Sepenggal kalimat singkat yang masih tergiang di telingaku, saat sosok ibu yang sehari-hari bekerja keras membanting tulang mengongkosi sekolahku. Betapa besar pengorbanan ibu disaat terik matahari yang menyengat namun tetap berusaha memenuhi seluruh kebutuhan sekolahku layaknya orang-orang berada. Ditemani sosok Ayah yang kadang lupa waktu dan lupa makan yang terus bekerja sebagai petani untuk menafkahi keluarga. Malam bukanlah penghalang ketika setiap hari aku menunggu mereka pulang ditangga depan rumahku. Siulan ayah dan nyanyian kecil ibu, membuatku tidak lupa bahwa pasti ada sesuatu yang dibawa pulang. Seperti biasa langsung kubuka tas tua milik ibu yang menjadi senjatanya disaat membawakan sesuatu buat aku.
Belum genap satu tahun aku belajar dan berupaya mandiri di salah satu universitas di Manado, namun kejadian memiluhkan itu harus kualami. Disaat aku benar-benar membutuhkan sosok seorang ibu sebagai penasehat dan pelindungku, tapi dia sudah lebih dulu meninggalkanku.

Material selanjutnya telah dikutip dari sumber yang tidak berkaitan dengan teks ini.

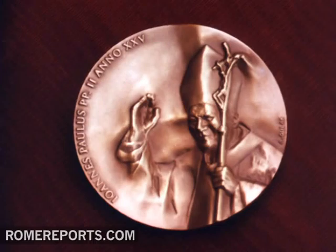A special edition of the medal was released. In fact, John Paul II gave them away as gifts during his 25th anniversary as Pope. Those who worked with him on his international trips were among the recipients. The medals made their way through Poland, Chicago, and Canada.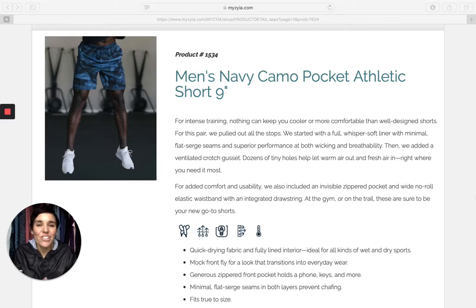Hey everybody, how are you? Angie Bradley here with another Ziya Active product review. Doing another one of our men's items. I just literally received these in the mail from my husband. Open them up — I'm going to show you guys because I'm absolutely so excited to send them to him.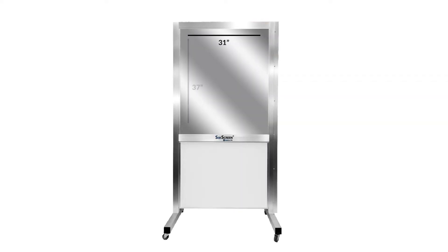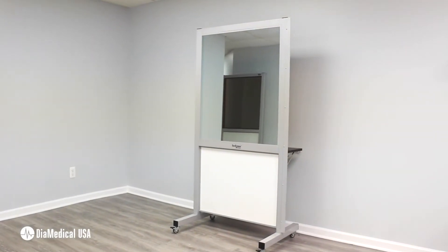Hi! Today we'll be highlighting the SimScreen by Diamantical USA. The SimScreen allows instructors to create a portable observation space anywhere in their simulation lab. Unlike privacy curtains or traditional room dividers, SimScreens use mirror pane technology, which is commonly known as a two-way mirror.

Jam menunjukkan pukul 12.00 wita siang itu. Tidak ada perasaan aneh yang menghantuiku, hanya nyanyian-nyanyian gereja yang kukumandangkan membelah hiruk pikuk aktifitas manusia. Sebagai mahasiswa junior aku diwajibkan untuk berlatih lagu gereja dalam komunitas pelayanan mahasiswa Kristen dikampusku. Dan itu dilakukan setiap hari Sabtu, aku dan gerombolan teman-temanku selalu mengikuti pelatihan itu sebagai modal menguatkan kepribadian sehingga tidak terpengaruh dengan kebesaran dunia.

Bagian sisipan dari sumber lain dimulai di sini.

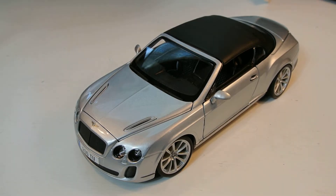Hey guys, it's the DieCastMan here bringing you another review. Today it's on the 1/18th scale Bburago Bentley Continental Super Sport Convertible ISR. That's a very long name.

Sabtu kali ini lain dari biasanya, selesai melakukan latihan, aku balik ke tempat kosku dan bermaksud untuk pulang kampung (ingat waktu itu, amunisi sebagai anak kospun da habis) aku ayunkan langkah kakiku ke tempat kos yang kira-kira berjarak 1 kilo dari tempatku berlatih. Dari perkataan tetanggaku bahwa sekitar 2 jam yang baru lalu, ada beberapa orang tua yang datang mencariku dan berpesan agar aku segera pulang rumah ke rumah. Mendadak pikiranku bergejolak, namun karena teringat bahwa hari ini merupakan peringatan meninggalnya ibu dari ibuku (oma) dikampung jadi pemikiran lainnya masih dapat diabaikan. Sedikitpun tidak pernah terbesit dalam pikiranku bahwa sebenarnya orang yang begitu berharga dihidupku, sudah berlalu dan meninggalkan semua kenangan indah yang tidak akan pernah kulupakan dalam hidupku. Perjalanan jauhpun ku lakukan,pulang kampong dengan kebanggaan sebagai seorang mahasiswa gundul. Dalam perjalanan pulang aku menggunakan bus hingga ke ujung kampong dan diharuskan berjalan kaki sekitar ratusan meter menuju rumahku. Dalam perjalanan sudah sempat kudengan bisikan orang yang mengatakan bahwa ibuku sudah pergi untuk selamanya, namun aku tidak percaya, karena aku tau ibu yang sudah membuat kedua kakakku merai gelar sarjana pasti baik-baik saja. Dalam pikiranku, oma yang sudah pergi.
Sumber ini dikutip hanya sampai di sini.